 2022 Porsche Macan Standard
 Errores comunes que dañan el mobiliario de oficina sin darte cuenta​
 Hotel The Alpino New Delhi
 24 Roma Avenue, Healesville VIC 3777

--

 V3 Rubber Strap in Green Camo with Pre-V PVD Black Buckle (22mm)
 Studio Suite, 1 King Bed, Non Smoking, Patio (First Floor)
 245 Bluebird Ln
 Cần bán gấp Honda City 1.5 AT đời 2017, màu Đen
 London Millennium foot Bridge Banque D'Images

...

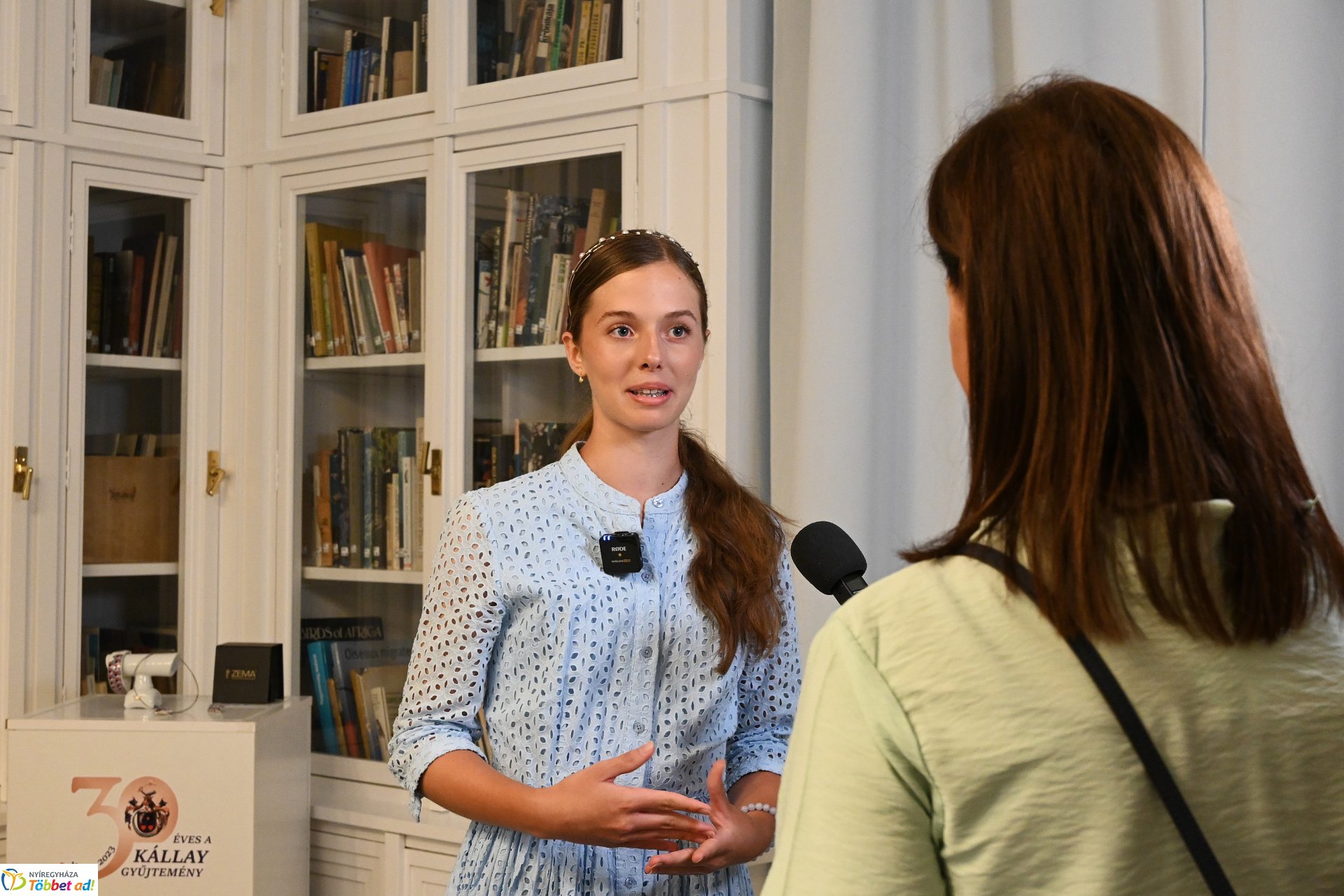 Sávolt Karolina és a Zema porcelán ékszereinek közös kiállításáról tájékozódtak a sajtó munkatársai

- [Activity] Reproduce exactly, and only, the part of the listing above that begins at the line with "2022 Porsche Macan Standard" and goes on through the line with "24 Roma Avenue, Healesville VIC 3777".

- [Task answer]
 2022 Porsche Macan Standard
 Errores comunes que dañan el mobiliario de oficina sin darte cuenta​
 Hotel The Alpino New Delhi
 24 Roma Avenue, Healesville VIC 3777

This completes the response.